Stained glass is an art form that has been enjoyed by artisan and onlooker alike for centuries.  It’s quite a process, but if you are a crafter with patience and tough skin on your fingers, you too can survive a stained glass project.  Matt and I have a very good friend who taught us to truly respect the art of stained glass as he demonstrated the process, step by step.  If you’re serious about the art, here’s what you’ll need. 

Materials List:

  • Safety glasses
  • Stained glass
  • Fine point permanent marker
  • Oil fed carbide glass cutter
  • Surface for cutting glass (thin cork over plywood works well)
  • Glass “running” pliers
  • Water cooled glass grinder
  • Adhesive backed copper foil
  • Burnishing tool
  • 40 – 100 watt soldering iron
  • Solder flux
  • 60/40 solder
  • Q-tips

1. OK, ready?  Well, first, start with a plan or a design you’d like to replicate.  It should be drawn out in full scale.  And, as you will be working directly on the plan, copies or blueprints of your design should be made.


2. Next is the placement of textured and colored glass.  Just place a piece of glass over the copy of your design, and mark the outline of the edges.  When cutting the glass, remember that you are not really “cutting” at all – you are simply scoring a fault line in the surface where, when pressure is applied, the glass should break.  This is the part of the project that takes the most practice – press too lightly and you will not get a good score (and the glass won’t break correctly).   If you press too hard, the glass could chip.  Make sure to score the glass just outside of the outline that you drew.  It is very important to remember when cutting glass to think of full through cuts.  Carefully snap the glass apart along the score line using the running pliers.

3. Now, with all the pieces available to fill in your design, it’s time to further perfect the fit of each piece.  This is where you use the water cooled glass grinder.  Grind each piece down to its final size, taking off the little extra that you left as you snapped the pieces to size.  Then, dry the pieces and check them for fit on the pattern.  If there are any imperfections after you’ve checked the fit, re-grind the piece if necessary.

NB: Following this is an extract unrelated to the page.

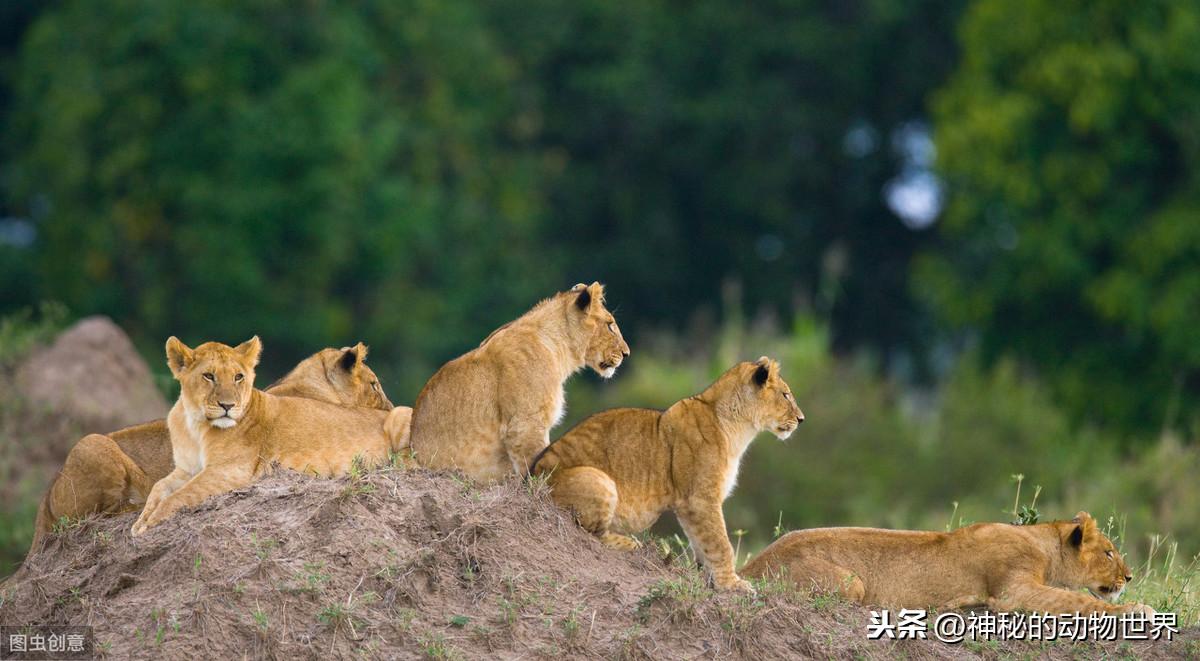 狮子是猫科还是犬科（多角度分析：狮子是真正的猫科动物） 第1张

4. Now, all the edges of the glass pieces need to be sealed with a copper foil.  To apply the copper foil, place an edge of the glass against the center of the adhesive side of the foil and continue to place the foil around the perimeter of the glass until you overlap the starting point by approximately 1/8”.  Next, use a burnishing tool to rub the foil firmly onto the edges of the glass then carefully press the remaining foil onto the front and back face of the glass and burnish into place.  Continue this process for each piece of your design.  When you’ve finally finished the foiling on all pieces of glass, it’s time to solder!

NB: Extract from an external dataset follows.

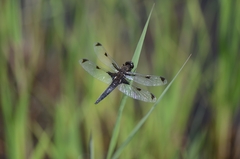 Libellula angelina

stained35. Make sure before you begin soldering that the pieces are in place and squared up.  Start by using a Q-tip or similar item, and brush a light coat of flux on the copper foil seams.  With a hot soldering iron, press the tip to a seam and add solder.  Be very careful – hot solder is molten lead and can… and does… burn!   You will want to work quickly as overheating a joint can cause the glass to crack.  If you notice that the solder is bubbling excessively, or the solder line is pitted, you are using too much flux.  If so, quickly reheat to smooth the seam.  A properly soldered seam has a raised bead of solder along the length of the seam, and it is this bead that gives the project its strength.  After soldering one side, carefully turn the project over and solder the other side too.  Various patina solutions can then be added to change the silver seams to a dull gray or other color, but these then must be neutralized to prevent corrosion.

6. Continue in this fashion until you have your entire design soldered together!

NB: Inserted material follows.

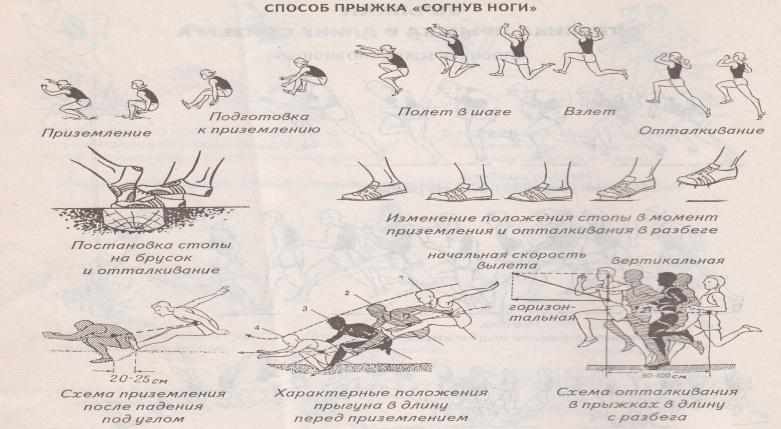 План конспект урока по легкой атлетике 5 класс прыжок в длину с разбега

Whew!  Stained glass is a project that probably isn’t a one time thing.  Either you’ll be hooked, and create the most gorgeous home décor items and gifts, or you’ll give it up and go back to basket weaving 101.   But for those interested, you can get further information by looking into hobby shops in your area that carry stained glass supplies. They may even offer classes.  These are also great places to buy the tools you need as well as videos, patterns and how-to books.     So, from both Matt and me, good luck and be careful!!!